The Old Couple (1992) is even more viscerally unpleasant. Here, the seats of two wooden chairs are fitted with, respectively, a wax dildo and a set of yellowing false teeth, these last forming a vagina dentata. On one level, the work is indebted to the feminist thinker Andrea Dworkin’s reflections on the vulnerability of the penis during vaginal sex, but Lucas’s title gives things a delicious twist. Has the male half of The Old Couple, presumably in this relationship for many years, endured decades of dangerously toothy sex? Looking at his firm member (erectile dysfunction is no problem for this ageing trouper), he seems ready for another bout. Perhaps it’s their kink.

Items of furniture that cleave intimately to the human body, chairs are a running theme.

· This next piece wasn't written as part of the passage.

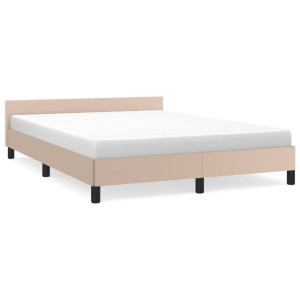 Estrutura cama c/ cabeceira sem colchão 140x190 cm cappuccino H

The show’s largest room – wallpapered with images of a punkish young Lucas eating a half-peeled banana (Eating a Banana, 1990), an act that recalls both fellatio and cunnilingus – is given over to a parade of recent sculptures, in which humanoid forms variously lounge, cavort and wrap themselves around seating of different designs. There’s a visual echo, here, of the mismatched furnishings in Martin Kippenberger’s extraordinary installation The Happy End of Franz’s Kafka’s ‘Amerika’ (1994), although Lucas’s hall of chairs, while handsomely sequenced, doesn’t really exceed the sum of its parts. The most successful sculpture here is Fat Doris (2023), a stuffed-pantyhose figure slumped defeatedly on a dusty, granny-ish recliner. Less good is Sex Bomb (2022), a pert bronze nude bent bum-up over a stylish midcentury chair. The artist is better suited to grubby comic realism than (collector?) titillating fantasy.

The size of a double mattress, and containing a puck of terrible, unidentifiable meat, Lucas’s deathly pale Jesmonite Sandwich (2004–20) looks like a shortcut to the cemetery. Intimations of mortality also linger over This Jaguar’s Going to Heaven (2018), a car sawn widthwise in two lunglike halves, the front covered in pristine, unsmoked Marlboros, the rear burned to a charred husk. Healthier fare arrives in the form of William Hambling (2022), a vast and very phallic concrete marrow. Maybe it was named after some prizewinning squash grower, who seeks to compensate for his physical shortcomings by cultivating outsize veg.

Now in her sixties, and based in rural Suffolk, Lucas appears to be enjoying her autumn years. Her photograph Stooks (2023) depicts her sitting in a field among bundles of gleaming corn, a smile on her face. Does it matter that Happy Gas doesn’t really function as a retrospective, when there will be other harvests to gather in, more work to come?